Monday, July 16, 2012

MOONRISE KINGDOM (2012) is Wes Anderson’s latest film about young love, dysfunctional families, bipolar bureaucrats, and loyalty.

The straight-faced comedy had many in the audience I watched this with scratching their head in bemusement. Two couples left early, as they were probably expecting a variation of My Secret Garden.
In short, 12 year old Sam is an orphan, though no one seems to be aware of it; even his Khaki Scout leader, played with deadpan aplomb by Edward Norton, is surprised by this news after he learns Sam (Jared Gilman) has run away from Scout Camp. Suzy Bishop (Kara Hayward) is the 12 year old girl that Sam is in love with and with whom he has run away.

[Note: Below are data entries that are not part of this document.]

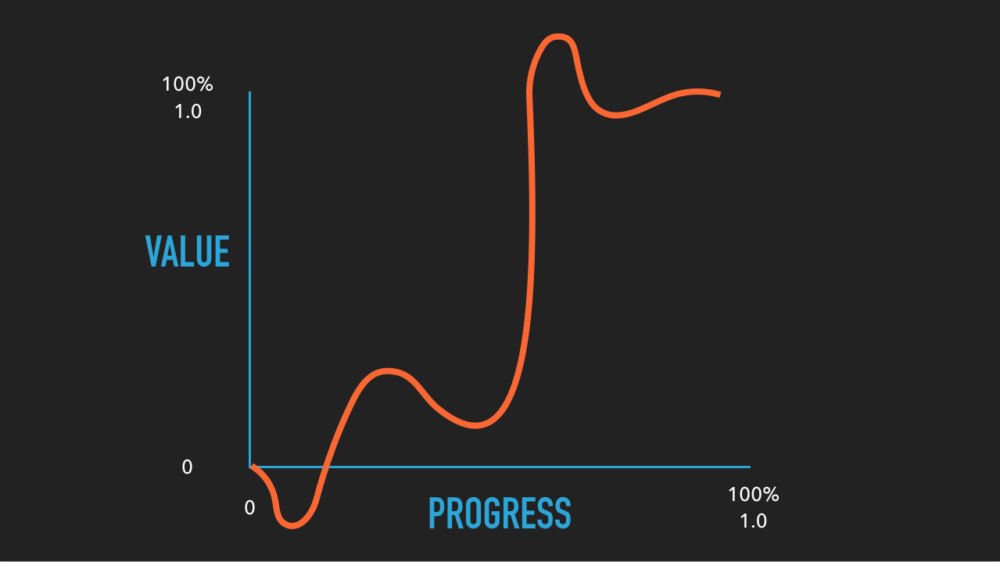 Image of an animation curve plotting progress (time, horizontal) vs value. Both are normalized as 0-1. Any curve is possible; most animation libraries will use a similar set of common curves.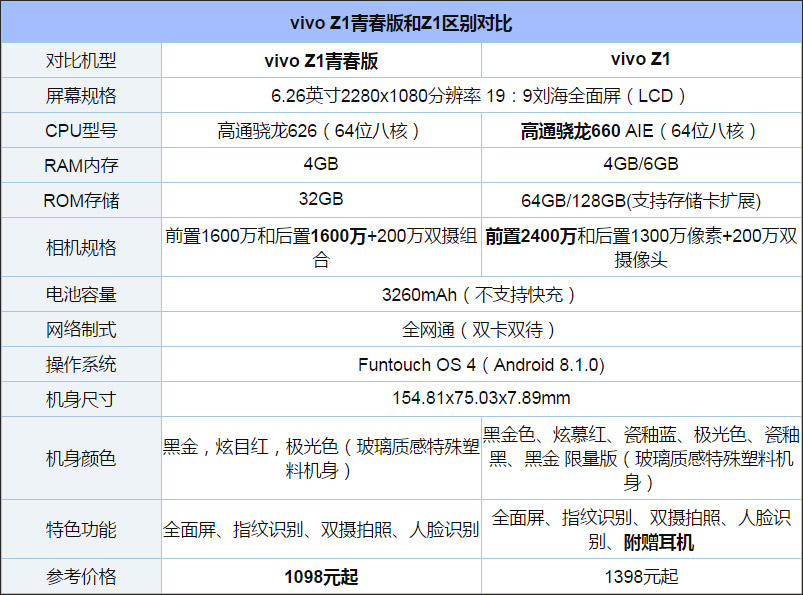 买vivo Z1还是Z1青春版？vivo Z1青春版和vivo Z1区别对比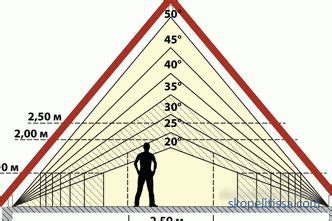 Berechnung Des Dachwinkels Eines Hauses Für Den Bau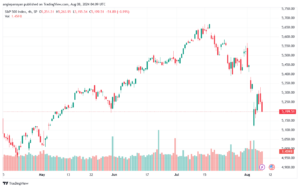 تحليل ستاندرد آند بورز 8-8-2024 S&P 500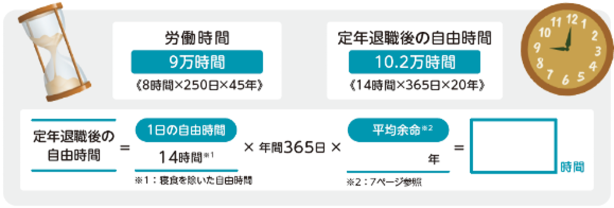 ワークシート_定年退職後のイメージ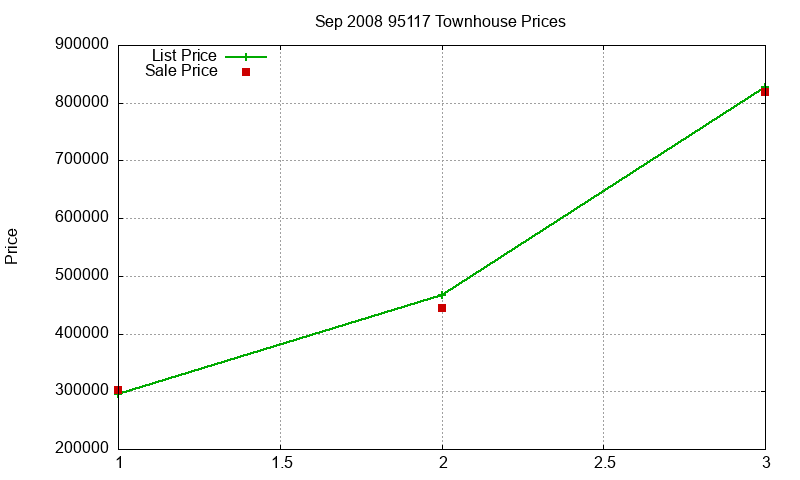 95117 Townhouses Just Sold 2008-09 95117 Townhouses Just Sold 2008-09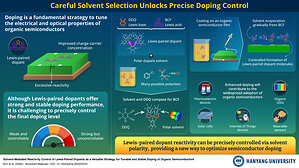 Hanyang University Researchers Achieve Controllable Doping in Organic Semiconductors
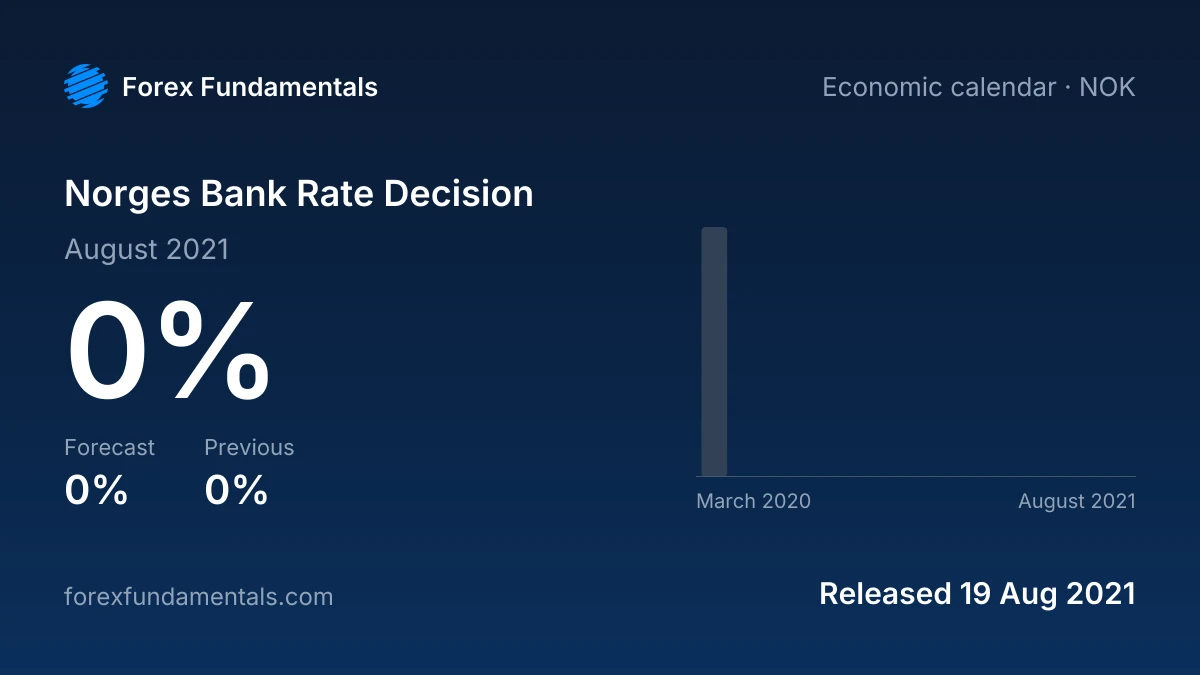 Norges Bank Rate Decision 19 August 2021: 0% against a 0% forecast, with the last 12 releases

As Police Captain Sharp (Bruce Willis) leads the search to find the missing kids, a storm is brewing off shore from the small island (so small, they get their mail by plane). Our one man chorus (Bob Balaban) pops up now and then to inform us of the history of the island, the strength of the storm and once to interact with the main characters, an odd action for a chorus.
The search leads to violence and brings the attention of Social Services (Tilda Swinton) who plans to place the orphan Sam in a asylum-type juvie where a part of his brain will be removed, his fellow Khaki Scouts fear.

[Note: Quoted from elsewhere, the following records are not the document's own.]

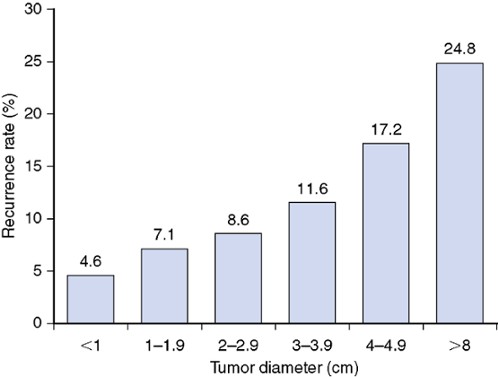c18fbd88b1f841c2b308e81c59897e0f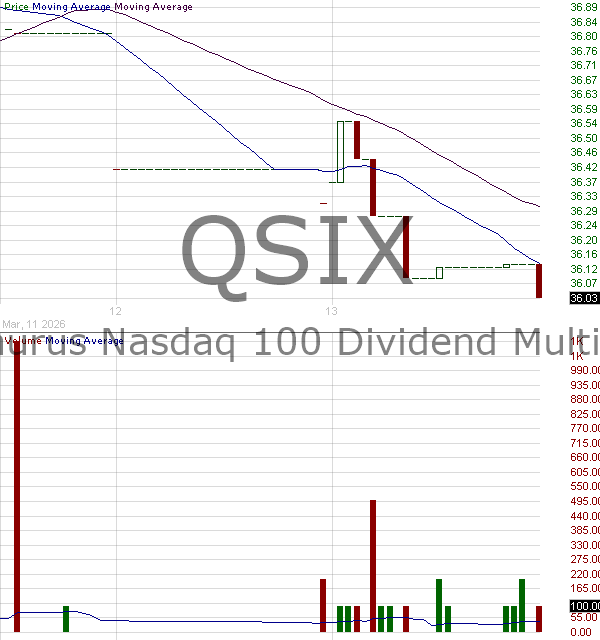 QSIX - Pacer Metaurus Nasdaq 100 Dividend Multiplier 600 ETF 15 minute intraday candlestick chart ~15 minute delay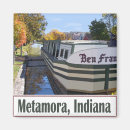 Recherche de maison de canal magnets Historique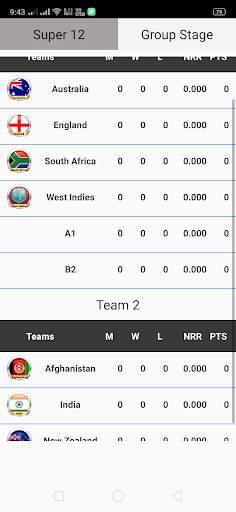 Cricket Information screenshot 2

Harvey Keitel plays the leader of the popular Scout Camp on the bigger neighboring island. Keitel and Norton play their roles with ironic understatement as the tremendous storm creates disaster after disaster. Bill Murray and Francis McDormand play the parents of Suzy in the strictest fashion expected of husband and wife attorneys. Their small talk sounds like an episode of Law and Order. No wonder she has her eyes set  on the single Police Captain.

For those of you who prefer slapstick humor like that of Adam Sandler, this movie may not be your cup of tea, per se. Although that lightning scene might have been to Sandler’s liking. The use of color by Wes Anderson is always a marvel to behold and the camera angles themselves became inside jokes.

I always prefer my humor dry, and despite that very funny storm, the rest of the film stays witty and thought-provoking. Your knees will be safe from any slapping, but the sarcastic grin you’ll be left with will probably stay fixed for a few days.